→ **Task**: Copy the records below exactly. Include all of them.

[Data entries]
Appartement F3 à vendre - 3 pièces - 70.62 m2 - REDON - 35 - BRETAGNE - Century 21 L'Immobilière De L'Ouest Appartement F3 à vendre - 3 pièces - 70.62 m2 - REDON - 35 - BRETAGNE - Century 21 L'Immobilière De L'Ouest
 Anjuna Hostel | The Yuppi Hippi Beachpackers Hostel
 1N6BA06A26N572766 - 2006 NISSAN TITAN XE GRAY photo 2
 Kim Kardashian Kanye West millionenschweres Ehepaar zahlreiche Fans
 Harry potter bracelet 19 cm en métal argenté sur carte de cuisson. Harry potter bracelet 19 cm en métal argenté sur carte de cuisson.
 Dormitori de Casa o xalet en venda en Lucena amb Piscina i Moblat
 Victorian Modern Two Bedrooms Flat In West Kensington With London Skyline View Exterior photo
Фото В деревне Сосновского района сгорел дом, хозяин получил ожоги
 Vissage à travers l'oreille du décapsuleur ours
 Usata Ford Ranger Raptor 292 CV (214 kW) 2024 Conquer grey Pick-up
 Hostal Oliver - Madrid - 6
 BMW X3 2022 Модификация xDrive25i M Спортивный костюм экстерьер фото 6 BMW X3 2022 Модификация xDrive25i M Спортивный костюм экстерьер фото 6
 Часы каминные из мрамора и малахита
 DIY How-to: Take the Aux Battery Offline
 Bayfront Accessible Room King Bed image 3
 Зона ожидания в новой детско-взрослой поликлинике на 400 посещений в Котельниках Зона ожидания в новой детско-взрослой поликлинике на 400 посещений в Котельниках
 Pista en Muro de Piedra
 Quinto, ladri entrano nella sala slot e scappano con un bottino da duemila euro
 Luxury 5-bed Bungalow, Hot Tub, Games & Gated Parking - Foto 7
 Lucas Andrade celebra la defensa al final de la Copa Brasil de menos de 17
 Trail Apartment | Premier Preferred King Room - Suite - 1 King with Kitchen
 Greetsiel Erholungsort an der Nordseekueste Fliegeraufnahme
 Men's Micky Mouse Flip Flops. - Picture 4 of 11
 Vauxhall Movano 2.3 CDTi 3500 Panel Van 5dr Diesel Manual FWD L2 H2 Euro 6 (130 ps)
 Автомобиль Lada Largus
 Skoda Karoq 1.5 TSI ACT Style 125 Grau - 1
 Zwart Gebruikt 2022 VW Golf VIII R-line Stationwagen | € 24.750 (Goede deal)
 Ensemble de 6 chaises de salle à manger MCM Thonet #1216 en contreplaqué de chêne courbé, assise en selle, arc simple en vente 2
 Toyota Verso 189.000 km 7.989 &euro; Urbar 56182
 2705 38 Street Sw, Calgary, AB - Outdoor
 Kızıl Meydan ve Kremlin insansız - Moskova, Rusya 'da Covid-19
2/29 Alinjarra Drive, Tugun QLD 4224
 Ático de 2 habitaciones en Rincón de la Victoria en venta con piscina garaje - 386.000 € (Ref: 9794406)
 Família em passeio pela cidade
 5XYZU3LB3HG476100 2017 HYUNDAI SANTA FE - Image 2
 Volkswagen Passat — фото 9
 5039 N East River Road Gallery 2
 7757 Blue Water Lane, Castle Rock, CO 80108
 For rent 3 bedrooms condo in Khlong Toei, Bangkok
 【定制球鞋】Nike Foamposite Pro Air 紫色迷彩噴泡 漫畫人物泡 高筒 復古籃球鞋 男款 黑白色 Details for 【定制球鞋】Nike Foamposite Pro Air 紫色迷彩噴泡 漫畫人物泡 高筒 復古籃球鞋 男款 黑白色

→ **Exercise response**:
Appartement F3 à vendre - 3 pièces - 70.62 m2 - REDON - 35 - BRETAGNE - Century 21 L'Immobilière De L'Ouest Appartement F3 à vendre - 3 pièces - 70.62 m2 - REDON - 35 - BRETAGNE - Century 21 L'Immobilière De L'Ouest
 Anjuna Hostel | The Yuppi Hippi Beachpackers Hostel
 1N6BA06A26N572766 - 2006 NISSAN TITAN XE GRAY photo 2
 Kim Kardashian Kanye West millionenschweres Ehepaar zahlreiche Fans
 Harry potter bracelet 19 cm en métal argenté sur carte de cuisson. Harry potter bracelet 19 cm en métal argenté sur carte de cuisson.
 Dormitori de Casa o xalet en venda en Lucena amb Piscina i Moblat
 Victorian Modern Two Bedrooms Flat In West Kensington With London Skyline View Exterior photo
Фото В деревне Сосновского района сгорел дом, хозяин получил ожоги
 Vissage à travers l'oreille du décapsuleur ours
 Usata Ford Ranger Raptor 292 CV (214 kW) 2024 Conquer grey Pick-up
 Hostal Oliver - Madrid - 6
 BMW X3 2022 Модификация xDrive25i M Спортивный костюм экстерьер фото 6 BMW X3 2022 Модификация xDrive25i M Спортивный костюм экстерьер фото 6
 Часы каминные из мрамора и малахита
 DIY How-to: Take the Aux Battery Offline
 Bayfront Accessible Room King Bed image 3
 Зона ожидания в новой детско-взрослой поликлинике на 400 посещений в Котельниках Зона ожидания в новой детско-взрослой поликлинике на 400 посещений в Котельниках
 Pista en Muro de Piedra
 Quinto, ladri entrano nella sala slot e scappano con un bottino da duemila euro
 Luxury 5-bed Bungalow, Hot Tub, Games & Gated Parking - Foto 7
 Lucas Andrade celebra la defensa al final de la Copa Brasil de menos de 17
 Trail Apartment | Premier Preferred King Room - Suite - 1 King with Kitchen
 Greetsiel Erholungsort an der Nordseekueste Fliegeraufnahme
 Men's Micky Mouse Flip Flops. - Picture 4 of 11
 Vauxhall Movano 2.3 CDTi 3500 Panel Van 5dr Diesel Manual FWD L2 H2 Euro 6 (130 ps)
 Автомобиль Lada Largus
 Skoda Karoq 1.5 TSI ACT Style 125 Grau - 1
 Zwart Gebruikt 2022 VW Golf VIII R-line Stationwagen | € 24.750 (Goede deal)
 Ensemble de 6 chaises de salle à manger MCM Thonet #1216 en contreplaqué de chêne courbé, assise en selle, arc simple en vente 2
 Toyota Verso 189.000 km 7.989 &euro; Urbar 56182
 2705 38 Street Sw, Calgary, AB - Outdoor
 Kızıl Meydan ve Kremlin insansız - Moskova, Rusya 'da Covid-19
2/29 Alinjarra Drive, Tugun QLD 4224
 Ático de 2 habitaciones en Rincón de la Victoria en venta con piscina garaje - 386.000 € (Ref: 9794406)
 Família em passeio pela cidade
 5XYZU3LB3HG476100 2017 HYUNDAI SANTA FE - Image 2
 Volkswagen Passat — фото 9
 5039 N East River Road Gallery 2
 7757 Blue Water Lane, Castle Rock, CO 80108
 For rent 3 bedrooms condo in Khlong Toei, Bangkok
 【定制球鞋】Nike Foamposite Pro Air 紫色迷彩噴泡 漫畫人物泡 高筒 復古籃球鞋 男款 黑白色 Details for 【定制球鞋】Nike Foamposite Pro Air 紫色迷彩噴泡 漫畫人物泡 高筒 復古籃球鞋 男款 黑白色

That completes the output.